The Crawleys split in two. Half the household decamps to a villa on the French Riviera that the Dowager Countess has somehow inherited from a man she knew long ago. The other half stays at Downton, where a film company arrives to shoot a silent picture and the production money is too good to refuse. The first thread chases a secret about Violet’s past. The second watches the silent era die in real time as the talkies arrive mid-shoot. The film is about endings dressed up as a holiday.

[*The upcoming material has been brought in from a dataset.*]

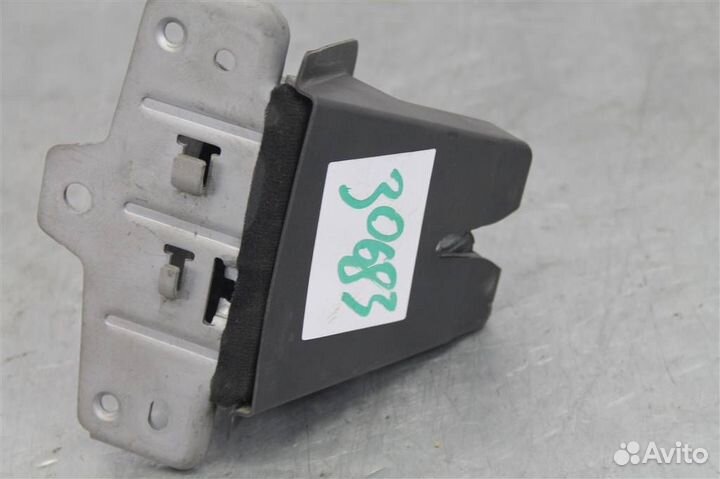 Замок багажника Volvo XC90 2014-2019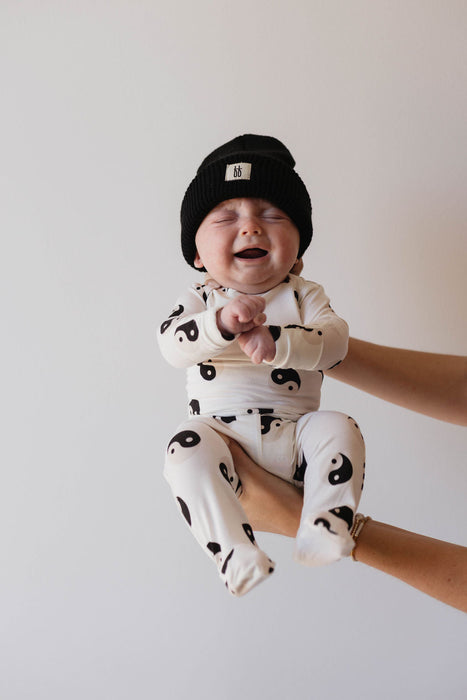 forever french baby Black & White Yin Yang | Sleepy Time Set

Maggie Smith plays Violet Crawley as a woman handing out final verdicts and knowing it. She gets the best lines and delivers them like a person closing accounts. Hugh Bonneville plays Robert Crawley as a man whose certainties wobble when the French secret threatens the family story. Michelle Dockery plays Mary as the one left to run the house and broker peace with the film crew. Jim Carter’s Carson treats the Riviera trip as a personal affront to the natural order. Penelope Wilton and Imelda Staunton trade verbal jabs as Isobel and Maud with the ease of actors who have done this for years.
Simon Curtis directs from Julian Fellowes’s script with the gloss the franchise demands. The production design does the heavy lifting. The film-within-a-film lets the camera linger on period movie equipment and a sun-bleached French villa that looks like a postcard the show could never afford on television. Fellowes structures the silent-to-sound crisis as a backstairs problem to solve rather than a real threat, and Mary’s solution arrives with the tidiness of a man who never met a loose end he liked. The cross-cutting between France and England keeps two low-stakes plots moving so neither sits long enough to stall.
This is comfort food made by people who know the recipe. Nothing here surprises and nothing is meant to. The pleasures are the costumes, the house, the cast settling into characters they wear like old coats, and a send-off for Violet that the whole enterprise has been building toward. Fellowes is not interested in tension. He is interested in giving these people a graceful exit, and on that narrow ambition the film delivers.